部会長の萩谷さんは今年で55歳。銚子の地で代々続く農家さんの生まれです。高校を卒業されたのち、農業ハウスを扱う大手の会社に就職。その後、24歳の時にご実家に就農されたそうです。「農業ハウスの会社にいた経験から、やろうと思えばハウスも建てられるし、簡単な修理などは全部自分で出来ますよ。」とのことで、会社員時代の経験が、現在の仕事に大いに生かされているようです。
トマト作りの技術を伝承
萩谷さんのお宅では、お父さまの代の45年前からトマト栽培を始められたそうです。
ご自身がトマトを始めたのは、今から30年前だそうです。
「トマト栽培は、最初は父から学びました。本などで勉強もしましたが、やはり、一つ一つ現場で実践をしながら栽培の技術を習得してきたという感じですね。」
銚子施設園芸組合では、20~30歳台の若い農家さんが組合に加わる機会も多いそうですが、経験のない農家さんへの技術の伝承の仕組みも出来ているそうです。
「組合に入った方には、定期的に栽培講習会を行っています。種苗会社さんや、千葉県の農業技師を呼ぶなどして、しっかりとトマト栽培の技術を学んでもらう機会を作っています。」とのことです。
トマト農家の仕事とは
萩谷さんの1日は、まず、朝、トマトハウスに来たら「トマトの顔を見る」ことから始めるそうです。「30年やっていれば、トマトの調子がいいか悪いか一瞬でわかりますよ。」と萩谷さんは言います。
トマトの生長点(一番先の部分)を見て、トマトが水を欲しがっているか、栄養分を欲しがっているかなど判断をして、その日の作業を決めているそうです。
農場では、約1万本ものトマトを栽培していて、収穫は5月頃からスタートします。朝は6時から収穫、6月の最盛期は5時から収穫を開始しないと間に合わないくらいたくさんのトマトが取れるそうです。
「ちょうどこのトマトが収穫できるのが5月の頭ごろかな。令和初出荷のトマトになりますよ。」萩谷さんの目は、新時代の幕開けを見通すプロ農家の目でした。
千葉エコ農産物への取り組み
今回取材した5~7月収穫の春作トマトでは、千葉エコ農産物という環境にやさしい農業に取り組んでいます。これは、化学合成農薬の使用成分カウント数と化学肥料の窒素成分について、千葉県の慣行基準の1/2以下での管理を行うという非常に難しい栽培となります。
農薬と化学肥料を削減するために、微生物の拮抗作用を利用した微生物農薬を使用したり、地元の質のいい完熟堆肥を使用するなど、環境にやさしいトマトを作るために様々な工夫を行っています。

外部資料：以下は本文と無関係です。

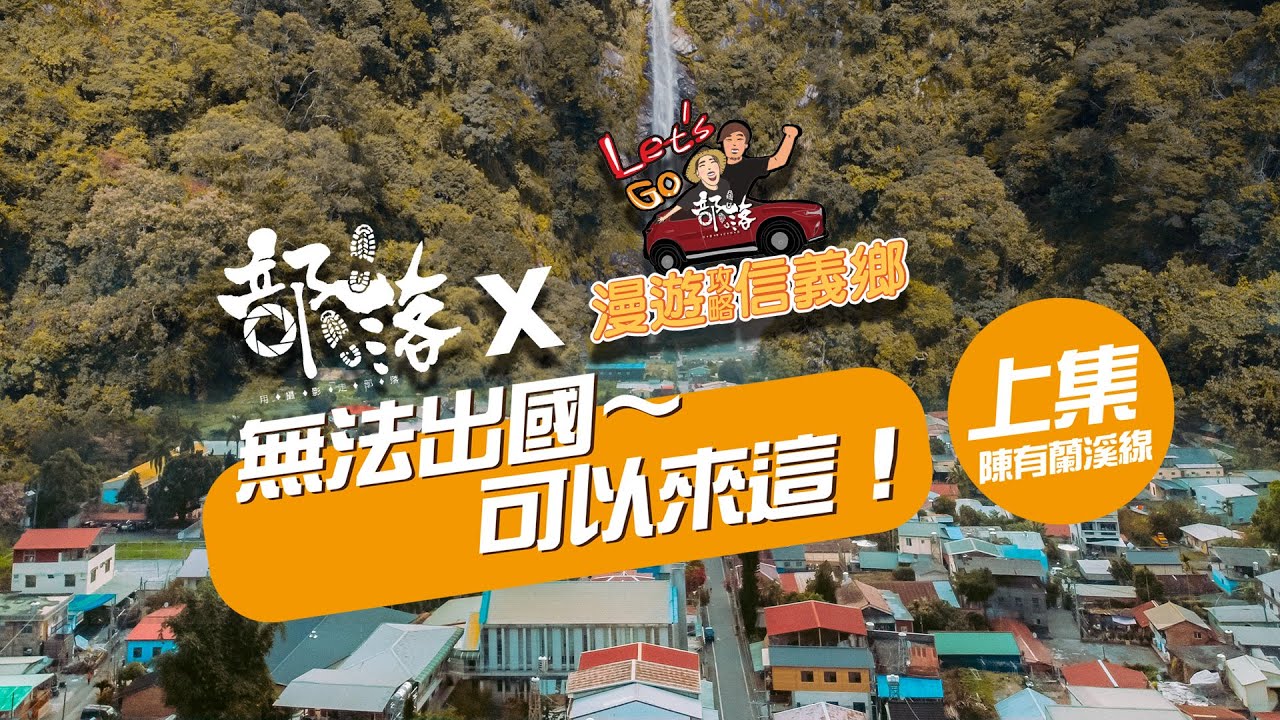 漫遊攻略信義鄉-上集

「銚子では、牛、豚を飼っている畜産農家さんが比較的多く、堆肥には困らないですね。
畜産農家さんも、家畜糞を堆肥化して私たち野菜農家に販売をしています。買ってもらうためにも、畜産農家さんたちもよく勉強して、質のいい完熟堆肥を作っていますよ。」と萩谷さんは言います。
東京オリパラを目指します!
萩谷さんに今後の展望をうかがいました。
「これからの農業は世界基準で行かないといけないと考えています。まずはGAP(Good Agricultural Practice:農業生産工程管理)※の認証取得を目指しています。

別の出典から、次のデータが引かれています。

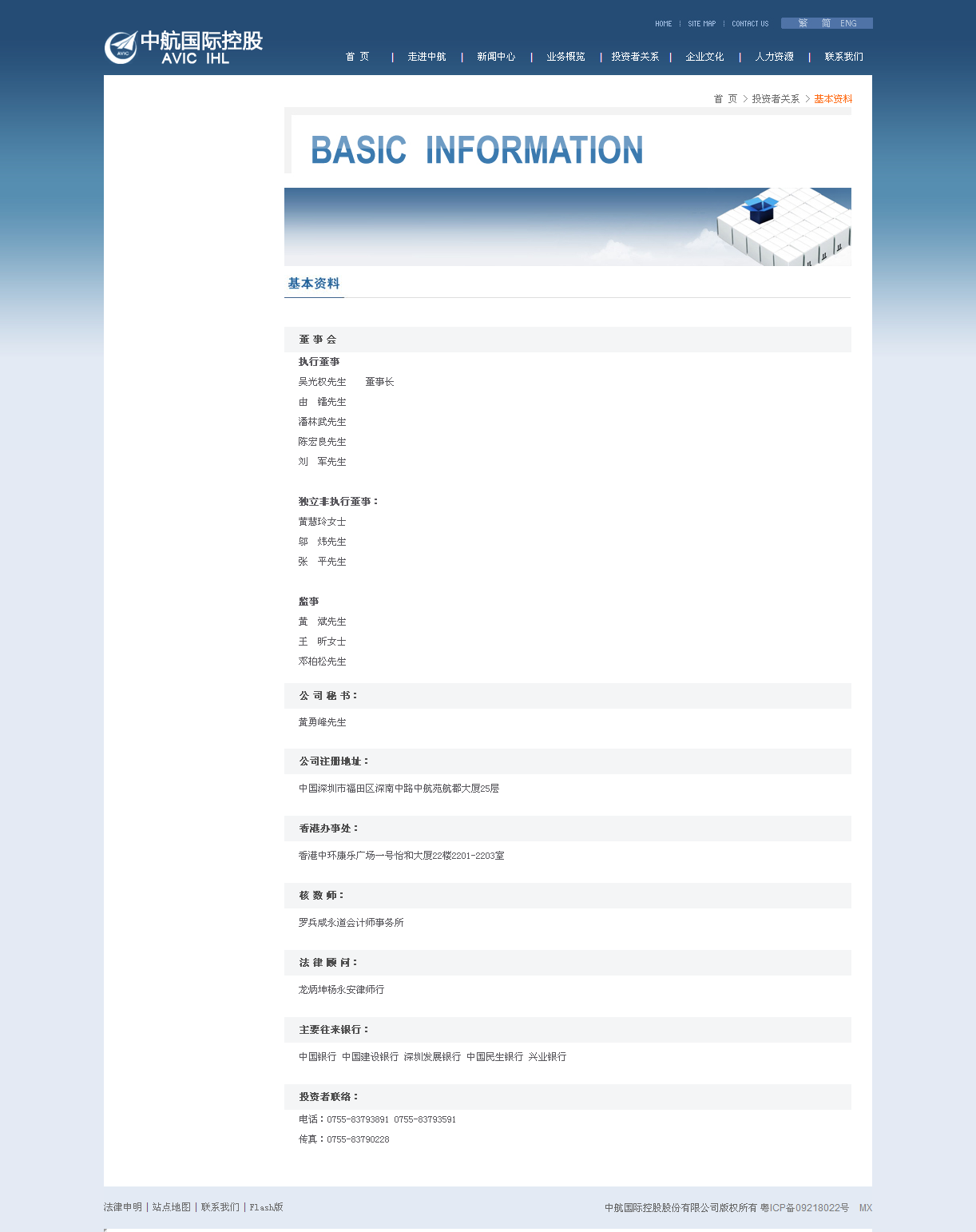 深圳市牧星策劃設計有限公司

2020年の東京オリパラの選手村などで選手たちに提供される食材として採用されるには、GAPの認証取得が欠かせません。東京オリパラで世界の皆さんに銚子のトマトを食べてもらいたいですし、ちょうど開催時期の7月は銚子のトマトの出荷がピークの時期ですから、世界中の人たちに銚子のおいしいトマトを食べてもらいたいですね。」と萩谷さんは言います。
さらに先の、10~20年先の農業も、萩谷さんは見通しています。
「これからは農業人口が確実に減って行きますよね。だからこそ若い農家さんが多い産地でのこれからの農業はチャンスのある産業だと思います。年配の農家さんは徐々に辞めて行かれるので、その受け皿に若い農家さんがなっていけばいいなと思います。農業は伸びしろがある産業ですよ。」
※農業において、食品安全、環境保全、労働安全等の持続可能性を確保するための生産工程管理の取組のこと。
萩谷さんからのメッセージ
ひとりの客として、モスさんには週1回は必ず行ってますよ。
国産の野菜をたっぷり使用していて、以前からおいしいなと思っていました。
私は「モスバーガー」をよく食べますが、銚子のトマトは、甘味と酸味の調和が取れていてハンバーガーによく合うと思います。皆さまにも、銚子のトマトの入ったモスバーガーをぜひとも食べていただきたいです。